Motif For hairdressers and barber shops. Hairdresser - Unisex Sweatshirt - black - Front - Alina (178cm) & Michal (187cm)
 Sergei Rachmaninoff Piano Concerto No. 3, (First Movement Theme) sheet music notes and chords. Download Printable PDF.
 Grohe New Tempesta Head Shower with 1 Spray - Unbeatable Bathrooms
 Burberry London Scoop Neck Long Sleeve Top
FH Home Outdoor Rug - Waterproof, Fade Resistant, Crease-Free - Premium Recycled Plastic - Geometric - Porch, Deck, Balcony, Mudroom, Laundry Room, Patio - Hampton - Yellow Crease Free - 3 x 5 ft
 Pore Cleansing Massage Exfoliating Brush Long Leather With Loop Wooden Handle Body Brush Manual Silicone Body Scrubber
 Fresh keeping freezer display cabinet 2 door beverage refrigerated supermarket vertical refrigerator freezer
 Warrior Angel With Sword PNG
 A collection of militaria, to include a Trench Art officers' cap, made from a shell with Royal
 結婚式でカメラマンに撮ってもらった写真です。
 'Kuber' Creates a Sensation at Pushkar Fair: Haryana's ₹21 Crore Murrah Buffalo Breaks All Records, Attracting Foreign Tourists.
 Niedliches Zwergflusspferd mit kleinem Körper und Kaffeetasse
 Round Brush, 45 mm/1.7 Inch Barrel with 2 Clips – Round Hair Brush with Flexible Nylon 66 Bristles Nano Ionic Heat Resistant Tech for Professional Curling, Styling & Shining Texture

WHAT THIS TASK INVOLVES: In the listing above, the lines from the one containing "Warrior Angel With Sword PNG" through the last line are to be returned exactly.

SOLVED PROBLEM:
 Warrior Angel With Sword PNG
 A collection of militaria, to include a Trench Art officers' cap, made from a shell with Royal
 結婚式でカメラマンに撮ってもらった写真です。
 'Kuber' Creates a Sensation at Pushkar Fair: Haryana's ₹21 Crore Murrah Buffalo Breaks All Records, Attracting Foreign Tourists.
 Niedliches Zwergflusspferd mit kleinem Körper und Kaffeetasse
 Round Brush, 45 mm/1.7 Inch Barrel with 2 Clips – Round Hair Brush with Flexible Nylon 66 Bristles Nano Ionic Heat Resistant Tech for Professional Curling, Styling & Shining Texture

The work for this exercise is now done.